L’appoggio di Arafat a Saddam Hussein che aveva brandito propagandisticamente contro l’imperialismo la questione palestinese, denunciando i due pesi e le due misure applicate contro l’Iraq ed Israele ed offrendosi di lasciare il Kuwait se Israele avesse fatto altrettanto rispetto ai Territori, determinò la rottura con entrambi della Lega araba, salita sul carro di Bush. Le sovvenzioni delle monarchie del Golfo presero la strada di Hamas, favorendone la crescita soprattutto a Gaza.
Con la vittoria sull’Iraq, l’imperialismo americano ritenette di poter volgere a proprio vantaggio la debolezza di Arafat e incassare l’appoggio ottenuto da tutti i paesi arabi nella guerra per aprire un tavolo per la “soluzione della questione palestinese” a Madrid nell’estate del 1991, definita da Hamas “una conferenza per vendere la Palestina”.

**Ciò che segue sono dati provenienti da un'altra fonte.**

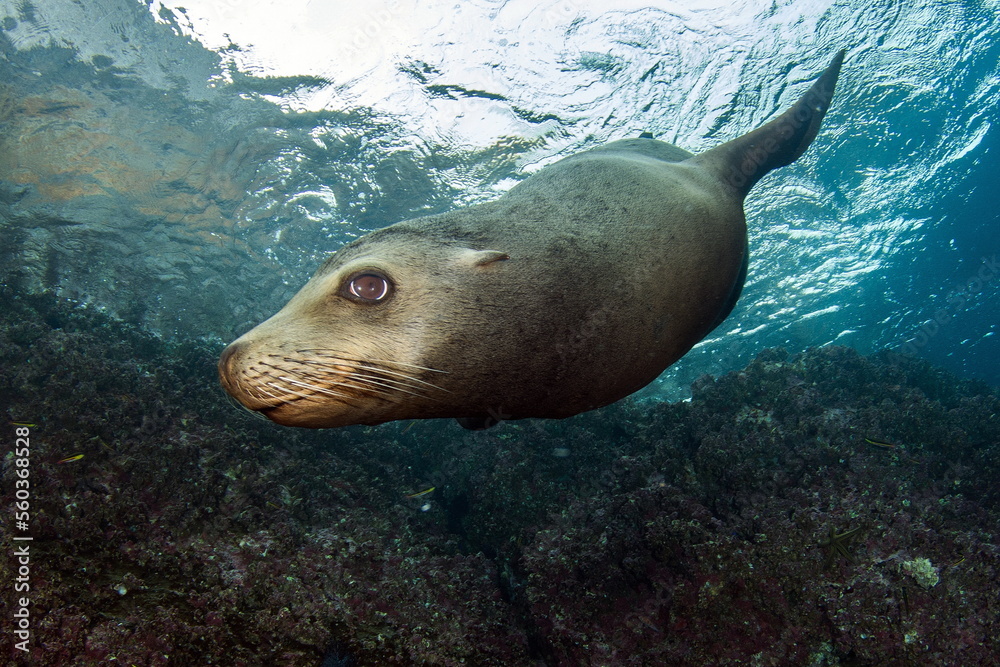 Californian Sea Lion in Sea of Cortez Californian Sea Lion in Sea of Cortez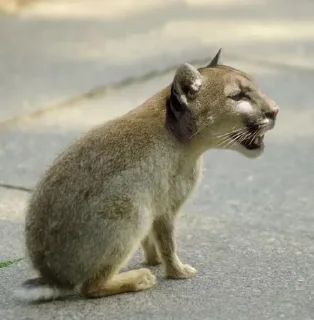 Telegram sticker 🌟 гибриды :: @fStikBot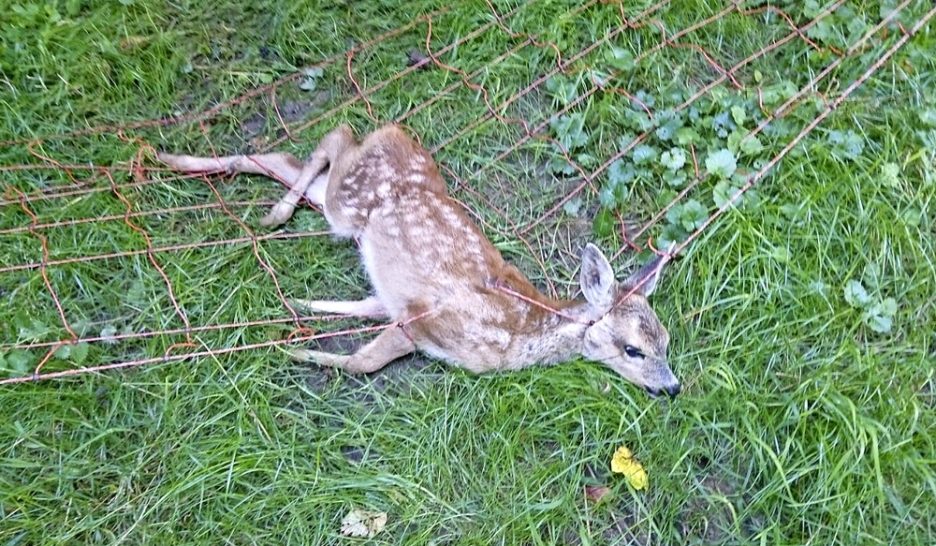Pièges mortels au pilori
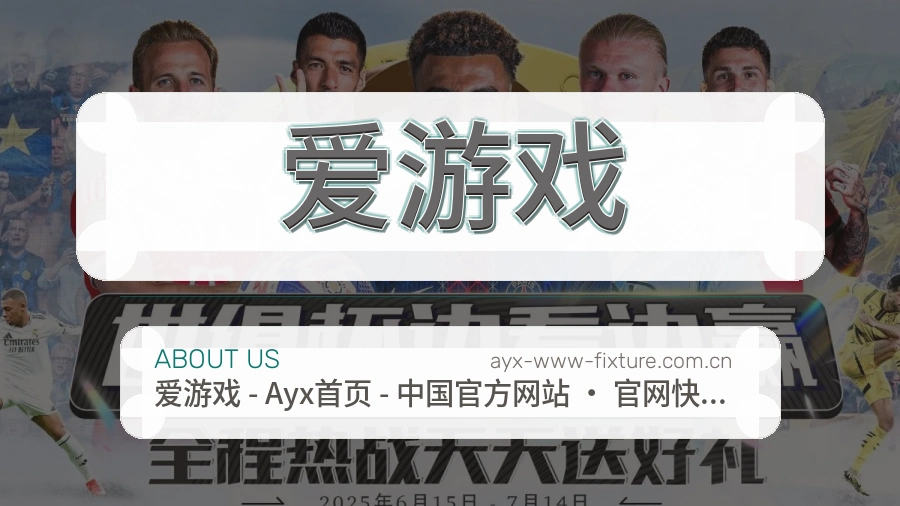 爱游戏服务说明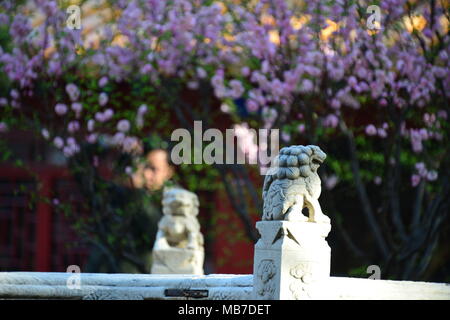 Peking, Peking, China. 7 Apr, 2018. Peking, China bis 7. April 2018: Blumen blühen in der Verbotenen Stadt in Peking. Credit: SIPA Asien/ZUMA Draht/Alamy leben Nachrichten Stockfoto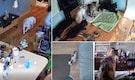 Japan Earthquake 2026: Can animals really detect earthquakes before humans? Here's what science says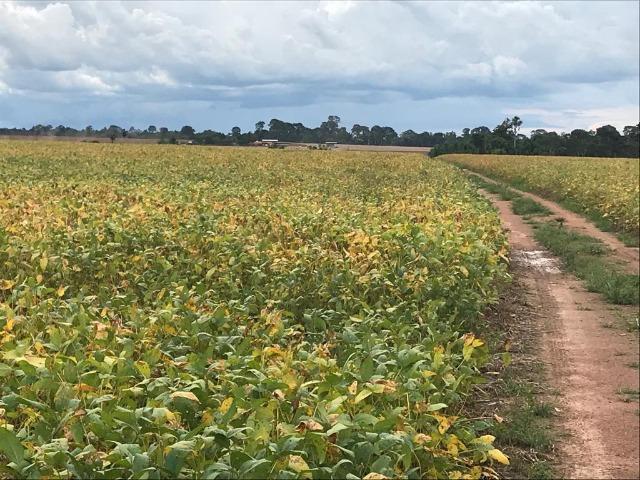 Fazenda 302 Hectares Plantando Lavoura - MT - Foto 7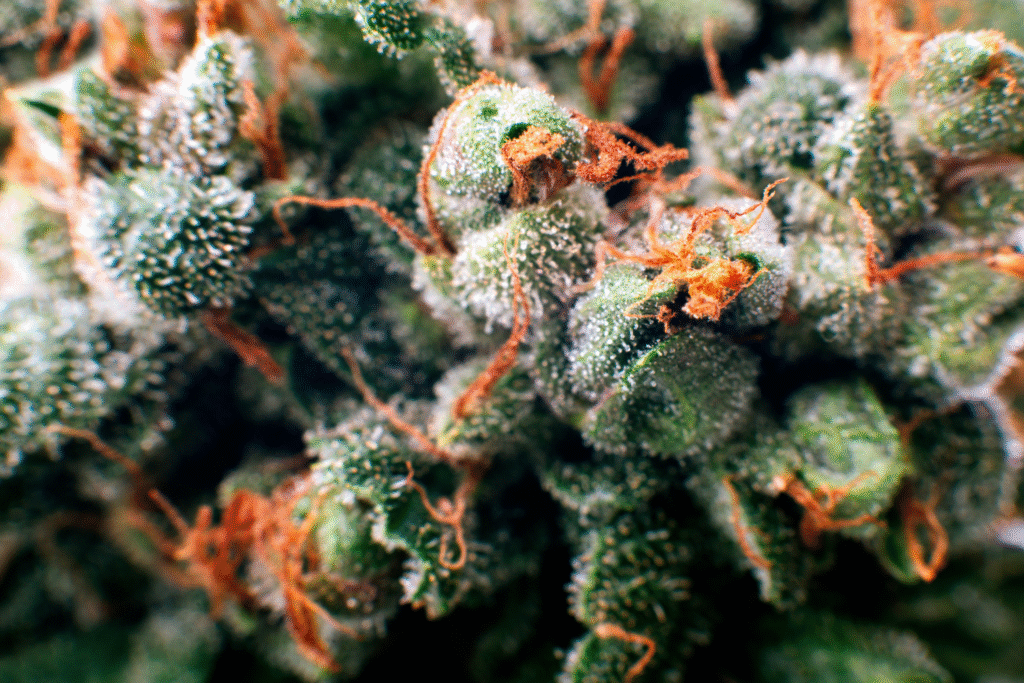 Close-up of frosty terpenes on cannabis buds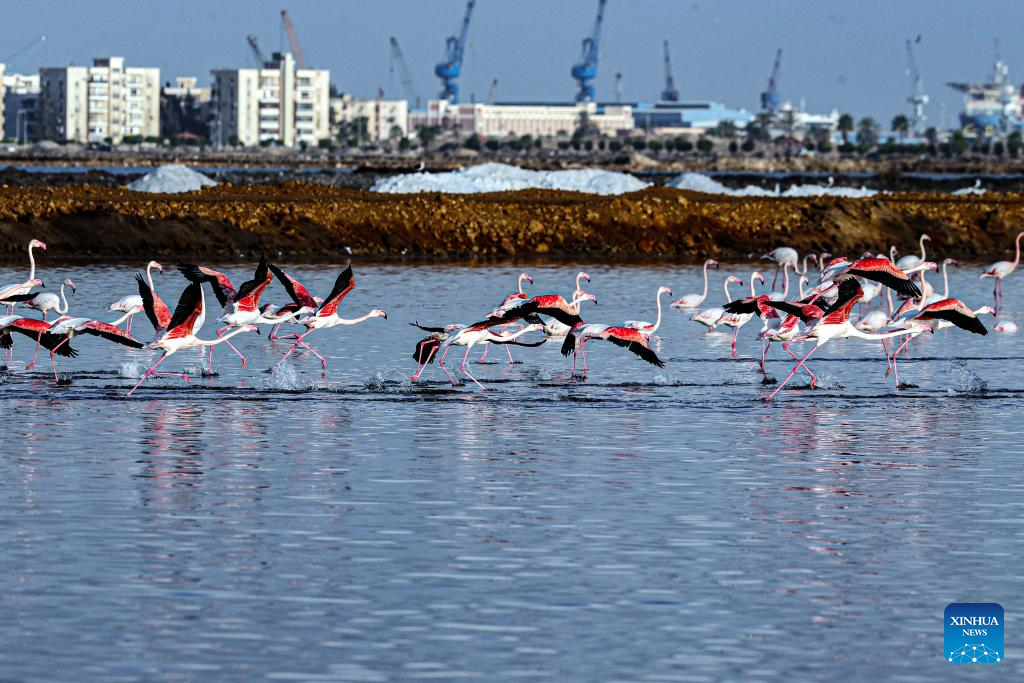 Wintering flamingoes seen at nature reserve in Egypt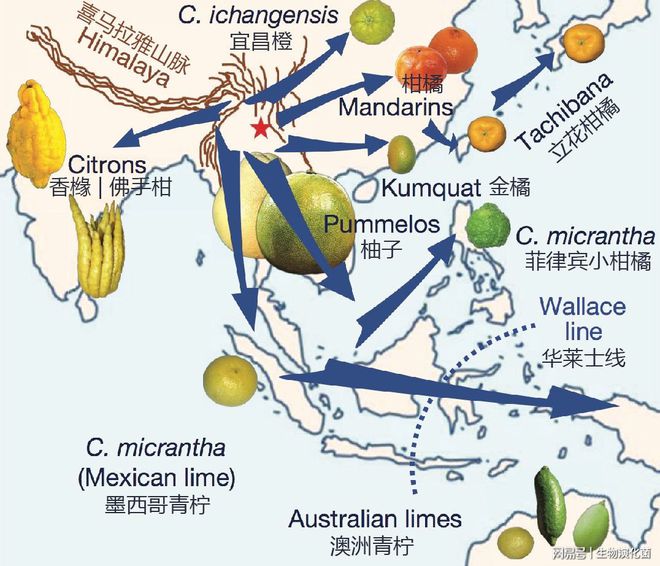 半岛体育柑橘类水果的演化关系：乱就一个字(图13)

Coerentemente con la strategia seguita nella sua storia precedente, Arafat cercò di capitalizzare l’Intifada per puntare a ritagliarsi un ruolo di protagonista nelle trattative, a costo di minare definitivamente quello che restava dell’Intifada nei territori. La dichiarazione della cessazione dell’Intifada nell’autunno dello stesso anno da parte di Arafat non fu che la logica conseguenza della svolta, ma segnò la deriva definitiva di un settore verso la tattica del terrorismo individuale che fino a quel momento era stata quasi del tutto bandita dai metodi di lotta della più grande sollevazione della storia del popolo palestinese.
Così maturarono i primi frutti velenosi del cosiddetto “processo di pace” pilotato dall’imperialismo statunitense che partorì un surrogato di Stato per i palestinesi, più simile ad una riserva indiana che ad una vera nazione quale avevano aspirato i milioni di palestinesi che avevano lottato così duramente fino a quel momento.
16 Novembre 2003
Note
1 Pochi mesi prima dell’Intifada una relazione dell’istituto West Bank Data Base del sociologo israeliano Meron Benvenisti rilevava, nei Territori occupati, un nuovo dato inquietante per Israele: “La violenza sarebbe in misura crescente opera di gruppi disorganizzati, spontanei… Tra l’aprile 1986 e il maggio 1987 si sono registrati 3.150 incidenti violenti, che vanno dal semplice lancio di sassi ai blocchi stradali, passando per un centinaio di assalti con esplosivo o armi da fuoco”. La combattività crescente della popolazione palestinese sottoposta all’occupazione si era vista nelle giornate del 5-6 giugno, con lo sciopero generale che salutò la ricorrenza dei 20 anni di dominio israeliano.
2 La politica israeliana era di esasperare la naturale dipendenza economica dei Territori occupati. Nel 1970 l’82% delle importazioni era già di provenienza israeliana, per salire al 91% nel 1987.
3 La detenzione amministrativa era prevista dai Regolamenti d’emergenza del Mandato britannico, applicati da Israele nei Territori ed elevata da Shamir da sei mesi ad un anno. Era del tutto arbitraria e non richiedeva alcuna imputazione o processo.
4 Nella storia ufficiale di Hamas si reclama il ruolo di direzione del “Movimento di resistenza islamico” già all’inizio prima Intifada. In realtà il ruolo di Hamas fu trascurabile per mesi e solo successivamente con l’inizio delle sue campagne terroristiche acquisì notorietà.